Disambiguate obfuscated/non-obfuscated names #718

justhecuke · 2022-08-30T00:34:15Z

My team and I have been developing passes for use internally but we commonly hit an issue where we interact with deobfuscated names (perhaps from a hardcoded list, usage.txt from proguard, or other sources) but then use them with names retrieved from DexClass or DexType reachable from scope which are generally obfuscated. This has caused many problems.

Is this also an issue for others? And does anyone have ideas for a fix?

My idea is to create two different types for obfuscated and deobfuscated strings and have all names derived from the APK be instances of obfuscated strings and where APIs that read deobfuscated names (ones that developers write for input names) use the deobfuscated type.

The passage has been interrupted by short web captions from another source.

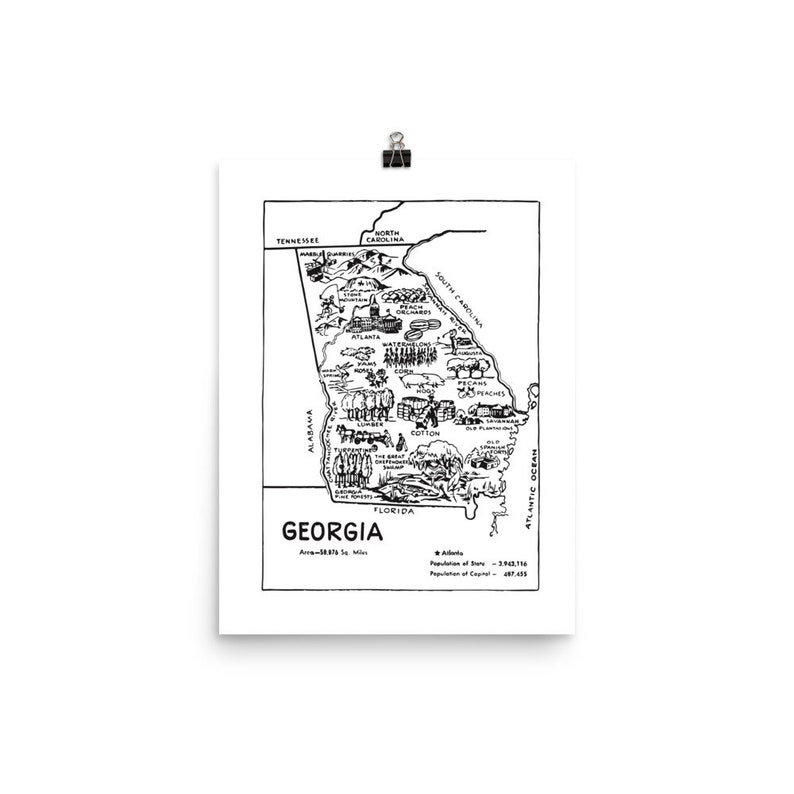 May include: A black and white line drawing map of the state of Georgia. The map is filled with illustrations of various industries and agricultural products found in the state, such as cotton, peaches, and lumber. The map also includes the state's capital city, Atlanta, and the surrounding states.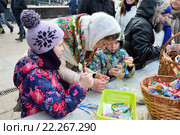 Молодая девушка - мастер учит детей изготавливать соломенную фигурку Масленицы на мастер-классе на Московской площади в Санкт-Петербурге (2016 год). Редакционное фото, фотограф Максим Мицун / Фотобанк Лори
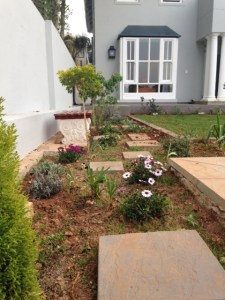 The bed along the east boundary wall.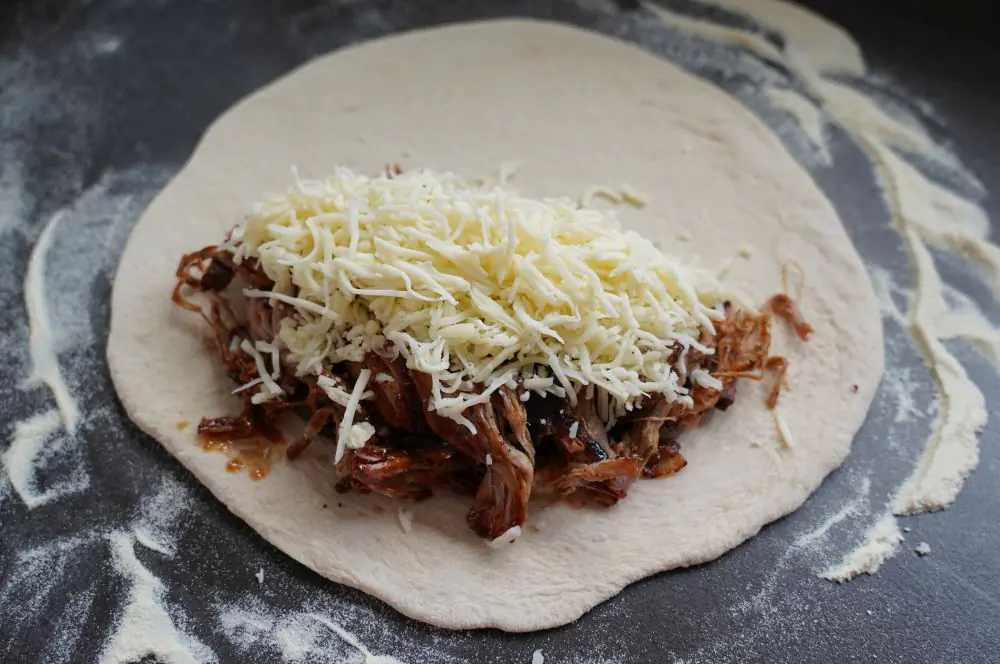 Der Pizzateig wird mit Pulled Pork und Käse belegt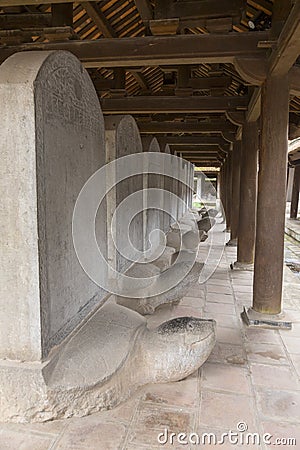 Row of stone stelae atop turtle statues, Temple of Literature, Hanoi, Stock Photo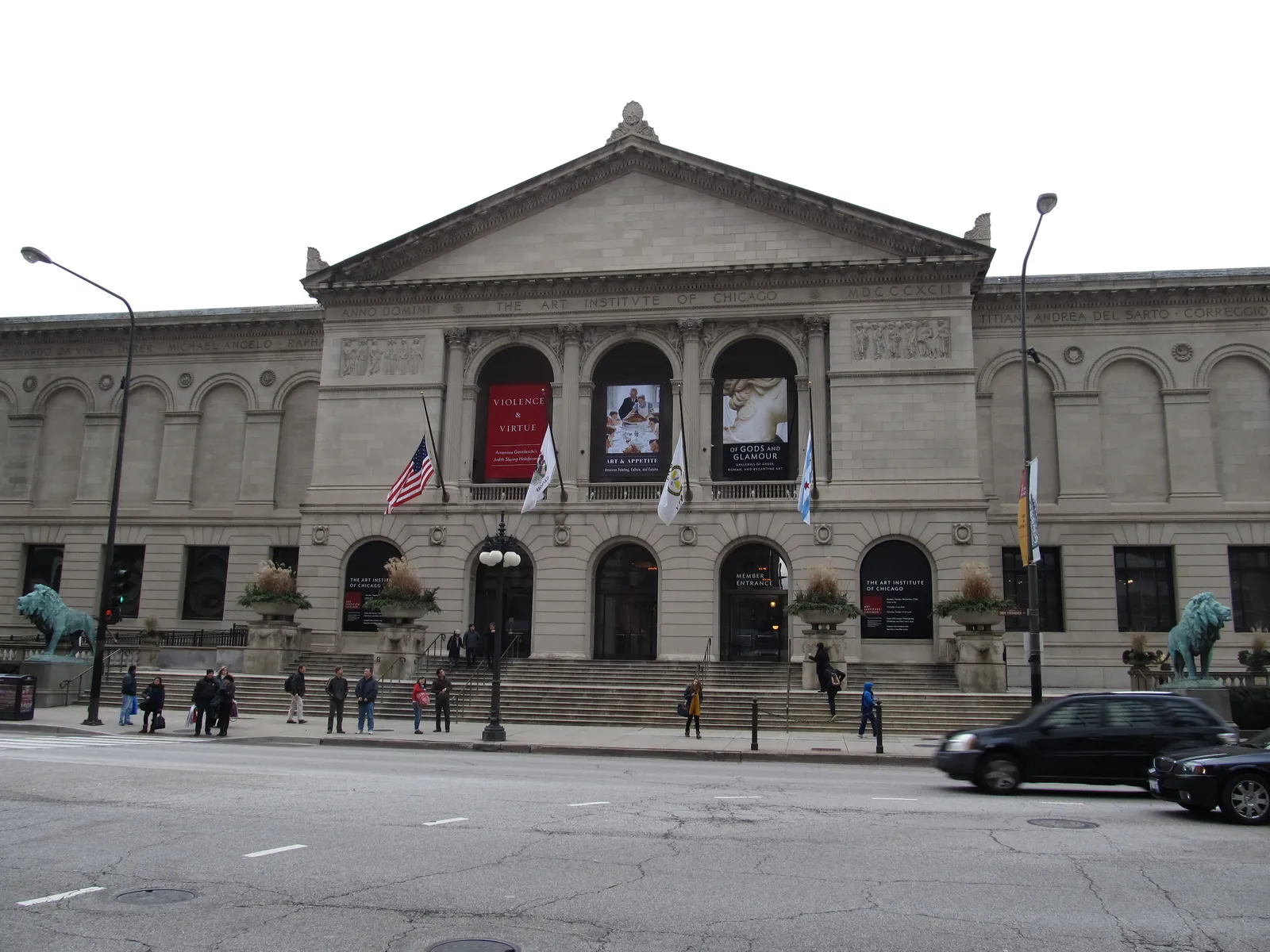 The Art Institute of Chicago's limestone facade on Michigan Avenue, with one of its bronze lion statues on the steps and museum banners hung between the columns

I'm willing to do the work to refactor, but this would be a huge change and I wanted to get feedback before starting work on what may be a doomed project.

The text was updated successfully, but these errors were encountered:

NTillmann · 2022-08-30T00:53:30Z

I don't fully understand the problem... I'd rather want to avoid another parallel obfuscated name infrastructure.

Are you passing a rename map into Redex, e.g. from a previous Proguard run?

A few thoughts / suggestions:

"deobfuscated names" in Redex should always reflect the original name of an entity.
Run obfuscation / renaming passes towards the very end of your pass list.
Every pass can override an "eval_pass" method. All "eval_pass" methods run before any "run_pass". This would be a good place to look up some named entities (DexClass, DexMethod, etc.), and store them in some pass state. Note that this is only a good idea if those entities have keep rules, so that the pointers to them won't get released during optimizations such as RemoveUnreachablePass.

Does that help?

justhecuke · 2022-08-30T17:46:17Z

We run proguard obfuscation before redex since some passes require a proguard mapping file in order to run properly. I'm not sure why this is the case but it is (or was when we first adopted redex). This means we have a bunch of obfuscated classes in the mix as well as the rename pass to further shrink the renaming although this runs second to last right before RegAllocPass.

This leads to an error-prone situation where some pass developers forget that they are working with obfuscated/deobfuscated strings and try to do comparisons between them which always fails leading to problems. We've hit this several times already and were trying to come up with a fix to make the situation less error-prone.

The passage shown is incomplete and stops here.